As this year's three-month City Reads event drew to a close, a trio of James Bond aficionados came together to discuss Ian Fleming's From Russia With Love.

And in terms of the experts selected to talk about the fifth Bond novel with host Peter Guttridge they couldn't be faulted.

Fleming's official biographer Andrew Lycett, Simon Winder, the man who put the Bond books into the Penguin Modern Classics imprint, and former Erotic Review editor Rowan Pelling all gave their genial points of view.

Sadly Lycett seemed initially under-prepared, confessing he couldn't remember much about the creation of From Russia With Love, which might have seemed a basic bit of prior research for a visiting expert.

But he redeemed himself later, with his descriptions of Fleming's literary frustrations and anecdotes about Fleming's mother - a possible reason for the head of MI5 being called M.

Pelling came across as a genuine lover of the Bond novels, blaming The Spy Who Loved Me - a novel she compared to soft porn - as her first introduction to erotica at the age of nine.

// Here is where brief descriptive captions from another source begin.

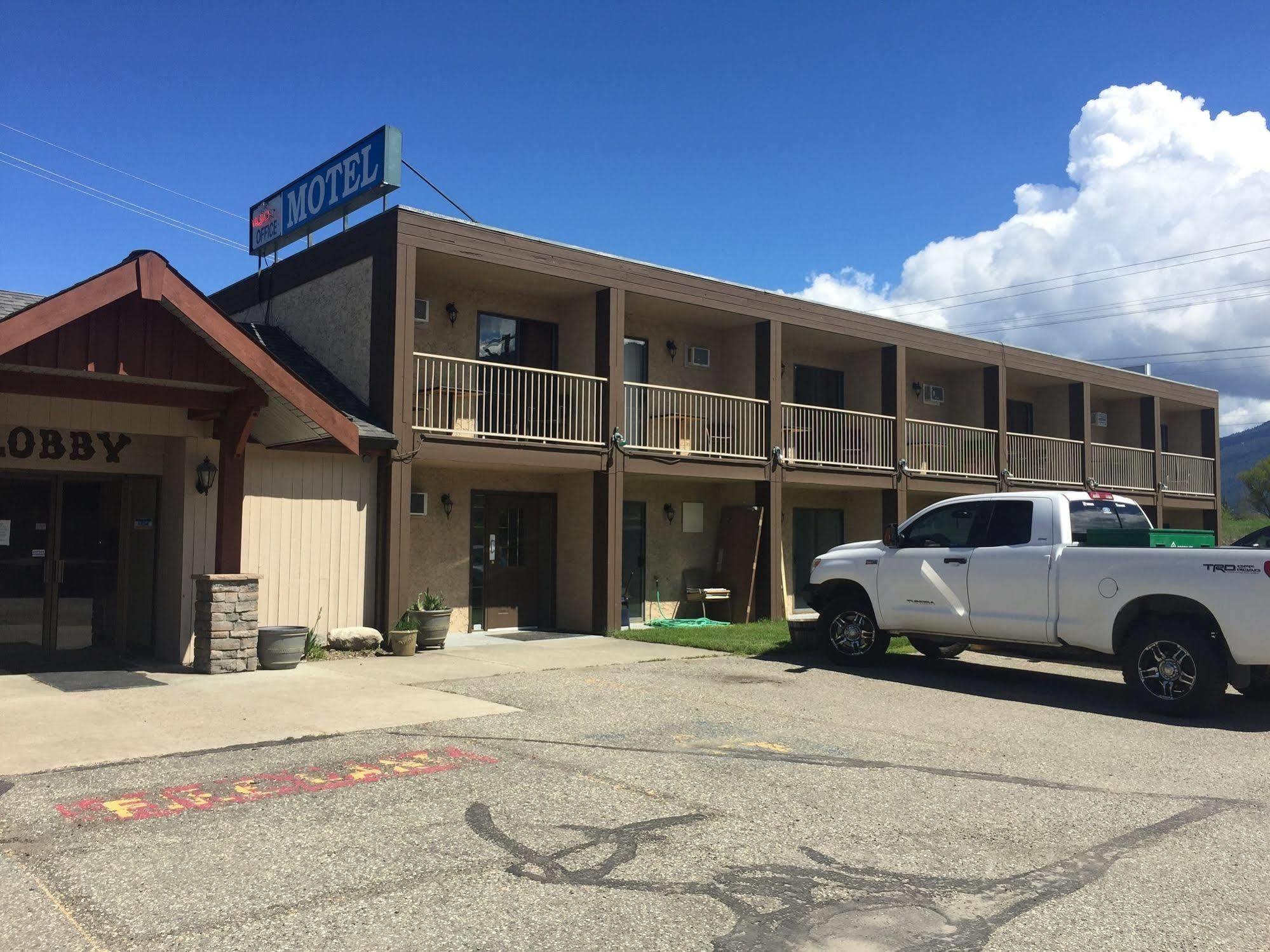 Armstrong Inn Exterior photo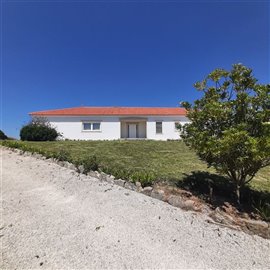 Image 1 of 37 : 3 Bedroom Villa Ref: AV2183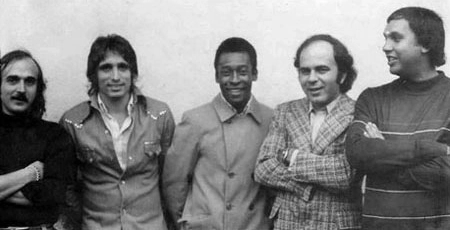 Da esquerda para a direita, em 1967: o cinegrafista Vadico, Marinho Peres, Pelé, Chico de Assis e Feitiço Júnior (filho do grande Feitiço).
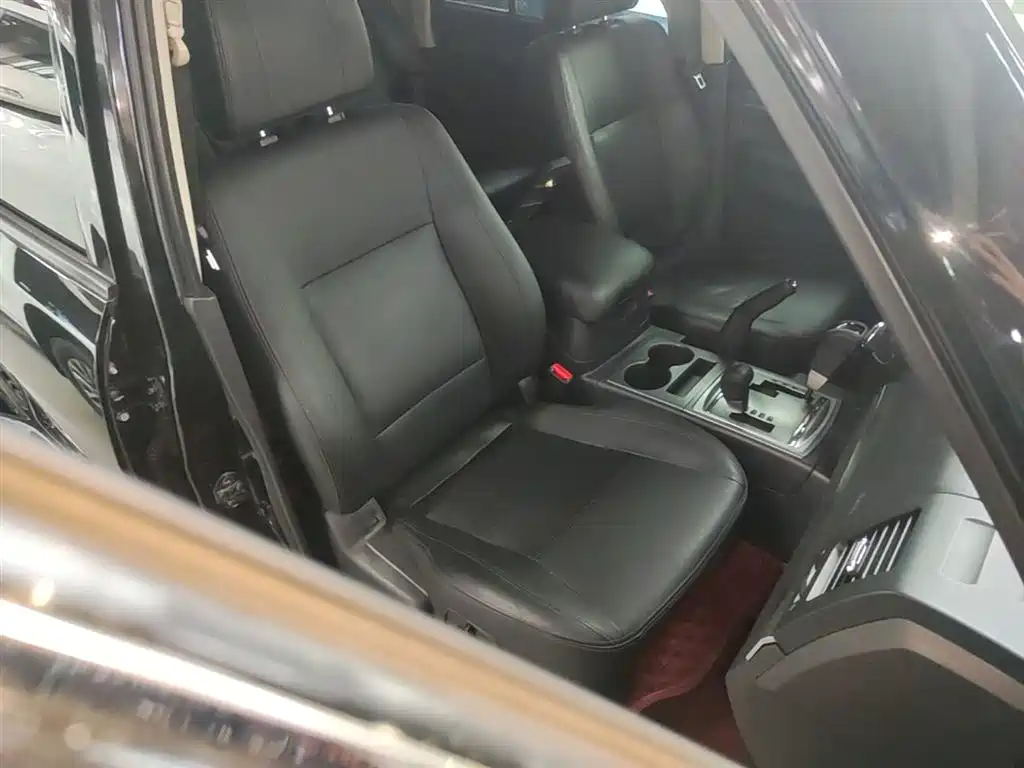 Mitsubishi Pajero (Import) 2016 3.0L Automatic Premium (China V) фото 25
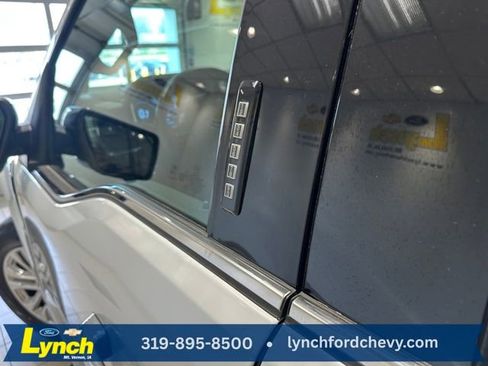 Used 2022 Ford F150 Lariat w/ Equipment Group 502A High image 16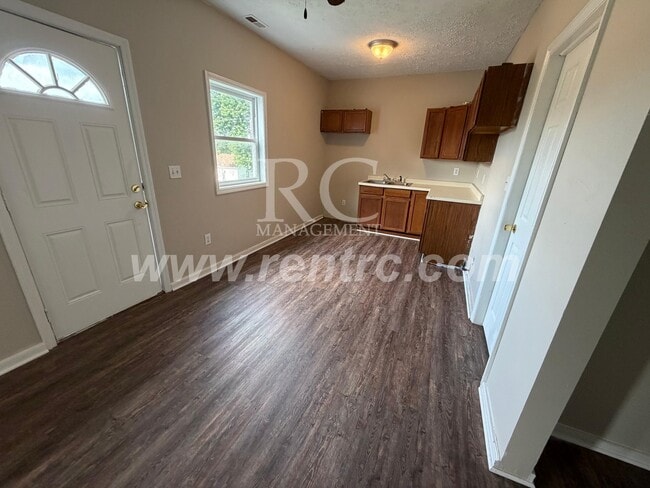 Photo - 604 N Main St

Her contributions to the debate weren't confined to just picking out the racier sections of the novels, but added much of the humour as she compared the arch villain Rosa Klebb to everyone's worst geography mistress ever.

The real treat was to hear from Winder, a man who arguably has done most to push Fleming's Bond novels into the literary canon.

His contributions underlined why the spy thriller was a good choice for this year's project, as the book which mythologised Bond, and gave an insight into the Cold War fears of the Soviets.